# Murray Eliminator Identification



## GaspCamp (Oct 12, 2020)

Need help identifying the year on this Murray Eliminator and also decoding  the serial number.  Any help would be greatly appreciated.

Thank you


----------



## kostnerave (Oct 12, 2020)

Hi, Someone may be able to help you out in the Schwinn Stingray/ Muscle Bike forum listed here.


----------



## GaspCamp (Oct 12, 2020)

kostnerave said:


> Hi, Someone may be able to help you out in the Schwinn Stingray/ Muscle Bike forum listed here.



Hello and Thank you


----------



## Rivnut (Oct 13, 2020)

Knock yourself out.  Don't just glance through this hoping for a quick answer, read the whole thread to see where everything fits.
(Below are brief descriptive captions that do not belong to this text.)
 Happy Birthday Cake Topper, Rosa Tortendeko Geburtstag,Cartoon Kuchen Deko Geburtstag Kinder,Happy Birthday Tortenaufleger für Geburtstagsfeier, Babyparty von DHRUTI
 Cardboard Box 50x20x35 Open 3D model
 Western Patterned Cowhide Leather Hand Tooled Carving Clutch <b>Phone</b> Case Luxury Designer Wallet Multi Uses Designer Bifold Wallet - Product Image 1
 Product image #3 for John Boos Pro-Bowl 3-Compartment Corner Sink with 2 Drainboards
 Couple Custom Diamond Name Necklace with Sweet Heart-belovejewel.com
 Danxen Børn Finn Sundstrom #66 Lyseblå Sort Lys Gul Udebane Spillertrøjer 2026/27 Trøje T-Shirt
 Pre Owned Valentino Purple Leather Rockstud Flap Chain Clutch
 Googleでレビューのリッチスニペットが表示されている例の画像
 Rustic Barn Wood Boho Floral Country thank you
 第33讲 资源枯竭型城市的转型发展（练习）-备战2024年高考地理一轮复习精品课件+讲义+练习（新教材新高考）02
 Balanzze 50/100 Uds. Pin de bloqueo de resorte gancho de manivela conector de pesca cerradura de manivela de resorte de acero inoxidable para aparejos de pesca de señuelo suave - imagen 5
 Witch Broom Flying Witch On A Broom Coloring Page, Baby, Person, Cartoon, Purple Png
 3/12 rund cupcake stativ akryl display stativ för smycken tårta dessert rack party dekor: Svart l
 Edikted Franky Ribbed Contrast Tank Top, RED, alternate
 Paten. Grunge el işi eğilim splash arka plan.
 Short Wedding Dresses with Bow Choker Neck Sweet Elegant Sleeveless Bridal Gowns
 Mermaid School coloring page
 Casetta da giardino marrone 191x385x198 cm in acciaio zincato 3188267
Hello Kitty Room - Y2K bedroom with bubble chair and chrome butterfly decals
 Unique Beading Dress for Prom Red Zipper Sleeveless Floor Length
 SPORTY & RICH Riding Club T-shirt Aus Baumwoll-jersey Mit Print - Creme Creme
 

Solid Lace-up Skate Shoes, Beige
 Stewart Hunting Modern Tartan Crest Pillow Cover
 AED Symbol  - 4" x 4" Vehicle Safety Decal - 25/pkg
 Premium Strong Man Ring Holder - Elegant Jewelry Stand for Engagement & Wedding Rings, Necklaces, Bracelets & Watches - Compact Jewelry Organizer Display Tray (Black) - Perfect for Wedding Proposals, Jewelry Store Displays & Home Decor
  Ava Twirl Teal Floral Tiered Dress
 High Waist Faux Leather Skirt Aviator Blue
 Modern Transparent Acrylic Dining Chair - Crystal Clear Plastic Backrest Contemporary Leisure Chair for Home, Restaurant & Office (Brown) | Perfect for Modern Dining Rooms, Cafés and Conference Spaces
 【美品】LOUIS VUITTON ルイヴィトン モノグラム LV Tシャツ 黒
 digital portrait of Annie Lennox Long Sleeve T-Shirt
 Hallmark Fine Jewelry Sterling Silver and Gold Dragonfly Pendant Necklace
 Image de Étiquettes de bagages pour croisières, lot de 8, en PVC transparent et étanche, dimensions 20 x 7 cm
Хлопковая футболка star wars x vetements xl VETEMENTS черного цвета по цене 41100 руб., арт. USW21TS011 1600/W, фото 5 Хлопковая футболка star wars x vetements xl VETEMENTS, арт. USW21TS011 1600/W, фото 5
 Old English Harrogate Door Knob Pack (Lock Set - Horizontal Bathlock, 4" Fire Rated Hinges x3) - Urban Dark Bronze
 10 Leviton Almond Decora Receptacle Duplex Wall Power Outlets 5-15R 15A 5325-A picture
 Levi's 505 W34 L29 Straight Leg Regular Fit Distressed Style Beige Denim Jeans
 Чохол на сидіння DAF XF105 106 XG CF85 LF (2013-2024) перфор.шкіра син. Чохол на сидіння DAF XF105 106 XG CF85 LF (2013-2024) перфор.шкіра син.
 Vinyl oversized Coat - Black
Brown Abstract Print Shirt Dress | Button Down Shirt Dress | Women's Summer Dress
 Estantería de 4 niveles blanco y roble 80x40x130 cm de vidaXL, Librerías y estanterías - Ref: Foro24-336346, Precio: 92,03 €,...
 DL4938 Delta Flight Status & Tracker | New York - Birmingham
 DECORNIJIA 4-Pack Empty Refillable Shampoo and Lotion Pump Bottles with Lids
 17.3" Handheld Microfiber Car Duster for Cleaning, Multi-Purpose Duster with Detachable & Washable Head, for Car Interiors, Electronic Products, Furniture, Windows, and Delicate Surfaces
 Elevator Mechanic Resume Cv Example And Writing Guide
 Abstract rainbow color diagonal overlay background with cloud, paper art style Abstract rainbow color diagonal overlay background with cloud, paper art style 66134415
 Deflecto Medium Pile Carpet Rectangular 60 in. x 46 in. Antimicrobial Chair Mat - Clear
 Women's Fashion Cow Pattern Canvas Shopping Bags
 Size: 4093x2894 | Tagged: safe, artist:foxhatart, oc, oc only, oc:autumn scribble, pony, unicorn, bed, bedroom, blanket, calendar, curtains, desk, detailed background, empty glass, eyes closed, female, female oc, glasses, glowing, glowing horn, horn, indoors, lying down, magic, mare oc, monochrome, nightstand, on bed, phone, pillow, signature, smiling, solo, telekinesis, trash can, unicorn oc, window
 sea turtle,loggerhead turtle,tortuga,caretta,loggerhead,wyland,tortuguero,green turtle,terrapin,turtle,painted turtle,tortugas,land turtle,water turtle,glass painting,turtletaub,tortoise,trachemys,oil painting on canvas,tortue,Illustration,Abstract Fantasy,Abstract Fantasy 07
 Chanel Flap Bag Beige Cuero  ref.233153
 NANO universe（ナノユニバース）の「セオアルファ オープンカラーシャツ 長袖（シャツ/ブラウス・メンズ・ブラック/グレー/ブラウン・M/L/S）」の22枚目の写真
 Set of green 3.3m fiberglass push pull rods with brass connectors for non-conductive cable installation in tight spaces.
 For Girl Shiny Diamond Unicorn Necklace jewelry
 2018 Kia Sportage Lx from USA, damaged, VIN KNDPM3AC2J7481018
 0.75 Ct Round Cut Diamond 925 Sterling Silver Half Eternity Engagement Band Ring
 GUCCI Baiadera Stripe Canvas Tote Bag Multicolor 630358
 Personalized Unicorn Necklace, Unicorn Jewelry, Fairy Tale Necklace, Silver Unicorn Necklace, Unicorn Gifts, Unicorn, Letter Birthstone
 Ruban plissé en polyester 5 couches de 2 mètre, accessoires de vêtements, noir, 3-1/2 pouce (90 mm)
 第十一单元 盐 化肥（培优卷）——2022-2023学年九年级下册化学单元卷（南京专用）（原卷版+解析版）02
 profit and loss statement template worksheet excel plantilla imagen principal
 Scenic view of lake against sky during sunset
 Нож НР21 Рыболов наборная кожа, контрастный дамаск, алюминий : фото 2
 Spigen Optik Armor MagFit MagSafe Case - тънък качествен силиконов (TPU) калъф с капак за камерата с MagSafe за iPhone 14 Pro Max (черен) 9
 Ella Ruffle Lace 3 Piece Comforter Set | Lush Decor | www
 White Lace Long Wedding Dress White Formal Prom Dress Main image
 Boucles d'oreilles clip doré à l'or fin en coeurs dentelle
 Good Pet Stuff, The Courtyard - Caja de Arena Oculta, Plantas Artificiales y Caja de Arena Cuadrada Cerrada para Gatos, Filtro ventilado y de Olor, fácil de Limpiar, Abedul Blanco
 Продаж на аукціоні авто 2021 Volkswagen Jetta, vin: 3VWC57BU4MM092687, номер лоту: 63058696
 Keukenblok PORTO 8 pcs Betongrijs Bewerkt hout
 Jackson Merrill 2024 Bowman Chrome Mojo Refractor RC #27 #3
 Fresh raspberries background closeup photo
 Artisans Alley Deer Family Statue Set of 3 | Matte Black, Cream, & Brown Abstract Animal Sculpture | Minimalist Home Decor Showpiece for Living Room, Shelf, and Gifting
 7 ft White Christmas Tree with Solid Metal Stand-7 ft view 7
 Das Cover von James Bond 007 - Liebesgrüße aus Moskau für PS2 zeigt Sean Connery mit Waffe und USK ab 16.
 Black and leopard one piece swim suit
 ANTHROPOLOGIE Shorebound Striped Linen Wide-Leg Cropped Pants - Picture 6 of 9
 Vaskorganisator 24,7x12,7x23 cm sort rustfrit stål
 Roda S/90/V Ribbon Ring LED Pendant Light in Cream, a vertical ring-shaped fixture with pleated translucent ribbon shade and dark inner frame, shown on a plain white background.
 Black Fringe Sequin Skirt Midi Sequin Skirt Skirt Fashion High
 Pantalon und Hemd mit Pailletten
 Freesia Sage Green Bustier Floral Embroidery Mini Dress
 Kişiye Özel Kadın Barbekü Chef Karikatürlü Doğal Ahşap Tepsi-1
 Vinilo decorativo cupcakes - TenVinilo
						Murray serial number project. | Classic Balloon Tire Bicycles 1933-1965
					

Needed to do this for a while, so here is what I have figured out so far. There has been many people along the way that has contributed and a few that has helped set me straight. hahaah.   I don't know how far back this goes , but I know that Murray used a single letter to represent the year...




					thecabe.com


----------



## GaspCamp (Oct 13, 2020)

Rivnut said:


> Knock yourself out.  Don't just glance through this hoping for a quick answer, read the whole thread to see where everything fits.
> 
> 
> 
> ...



I actually did look at that information and it seems to me that by the serial number it is a 65 Murray but was hoping to get other information about the model number. I know I saw someone post part of a catalog where it shows the model numbers, but can’t seem to find it anywhere anymore.

Thank you for your help


----------



## Rivnut (Oct 13, 2020)

You're probably thinking about the Elgin/JC Higging/ Sears, Hawthorne book that is a collection of catalog pages. In that book, you can compare the serial number to the model number in the  catalog.


----------



## GaspCamp (Oct 14, 2020)

Rivnut said:


> You're probably thinking about the Elgin/JC Higging/ Sears, Hawthorne book that is a collection of catalog pages. In that book, you can compare the serial number to the model number in the  catalog.



Thank you , for the information, I’ll look for it.


----------